● **Instructions for the task**
Retype the material that follows exactly, limited to the lines from the one with "Paul Gilbert Net" through the one with "Camiseta Perro Leonberger, Bandera", and keep out all pictures.

● **The input**
#####
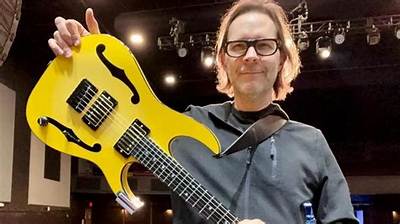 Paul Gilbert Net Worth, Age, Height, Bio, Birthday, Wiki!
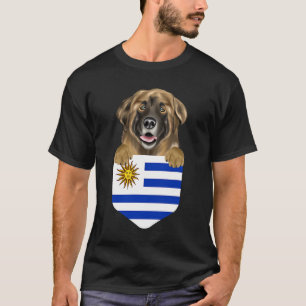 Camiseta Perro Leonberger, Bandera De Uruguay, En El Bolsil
#####
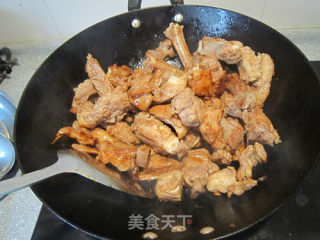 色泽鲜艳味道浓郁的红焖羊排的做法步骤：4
#####
● **Task solution**
 Paul Gilbert Net Worth, Age, Height, Bio, Birthday, Wiki!
 Camiseta Perro Leonberger, Bandera De Uruguay, En El Bolsil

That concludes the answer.